Once again we're confronted with the most prescient and cutting remark ever uttered (or at least reported) during an election campaign.
The election I'm talking about is the 1993 Canadian federal election. Oh, my, how to place this in context for my American readership? Okay, I'll give it a go. Take Clinton (Bill, not Hillary)'s slickness, add Reagan's politics (and bear in mind that much of Canada is bluer than your bluest blue state), and add a generous helping of Dubya's obstinacy. Shake it all together and you get an approximation of Brian Mulroney: initially elected in a landslide, actually re-elected (and no, he didn't steal it)...but his popularity plummeted in his second term until it was practically zero.

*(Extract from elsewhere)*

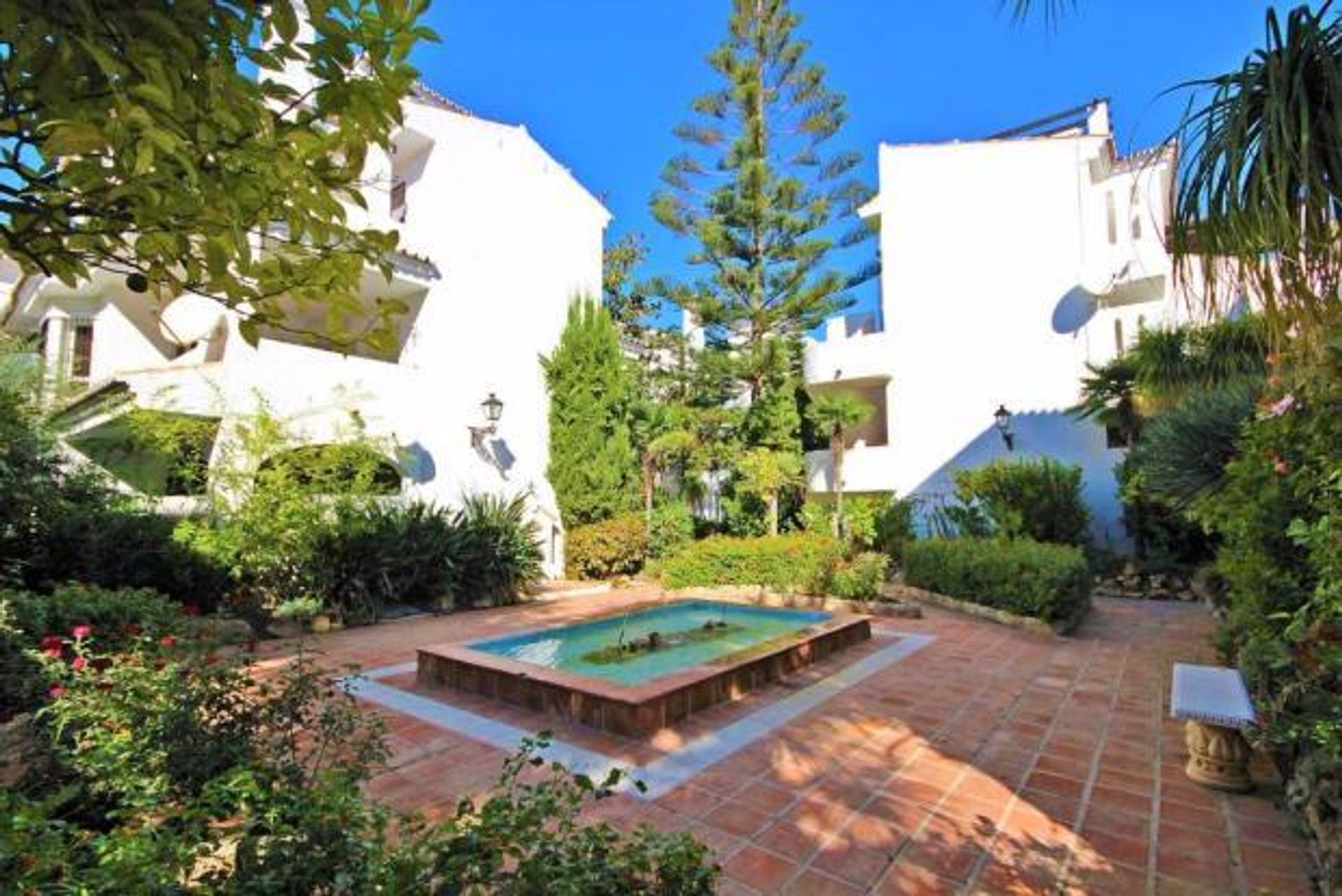 Condominium in Puerto Banus, Málaga 10016734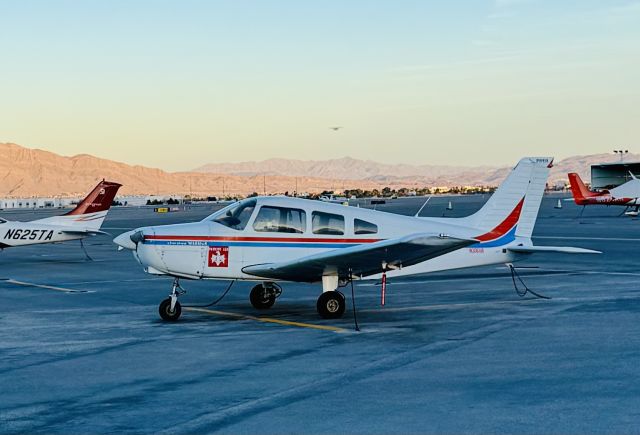 Piper Cherokee (N306HA)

He retired from politics two and a half months before the election, leaving Kim Campbell in charge.
Kim Campbell...our first and only female PM...albeit never elected. She had the chance to resurrect her party's fortunes--we went through an orgy of self-congratulations that a female should hold our highest office...but then her inner Hillary started to show during the campaign. She was seen as condescending and aloof, and before long the chants came: "Kim, Kim, you're just like him!"
Condescending she was: she was also honest. Several times she noted--publicly, out loud--that there were things over which she had, and would have, little or no control. Most notably, she said that 47 days (then the length of our electoral campaigns--hey, America, take note) was not enough time to discuss the overhaul of social policy Ms. Campbell believed necessary. Unfortunately for Kim, a reporter took that and pithified it to "an election is no time to discuss serious issues".
That pseudo-quote sent shockwaves throughout the land. If you can't discuss serious issues during an election, went the thinking, just when the hell are you supposed to discuss them?
Kim's honesty alone didn't doom her, but it certainly helped. Campbell's party entered that election with 151 out of 295 seats...a thin majority. After the dust of the PC implosion settled, they found themselves with...get this...two seats. Yup, two.
Since then, nearly every election federal or provincial, I find myself musing over Campbell's infamous statement, as it was reported (and never corrected). And every time I re-confirm it.
I've been digesting Barack Obama's race speech, as if it was a meal. And I confess, at this late date, to some stomach upset.
Not a lot of it, mind you. Just a little. But given how overawed I was the first time I heard/read his words, "a little" is a little more than I had expected. And it's not what Obama said so much as that he said it at all.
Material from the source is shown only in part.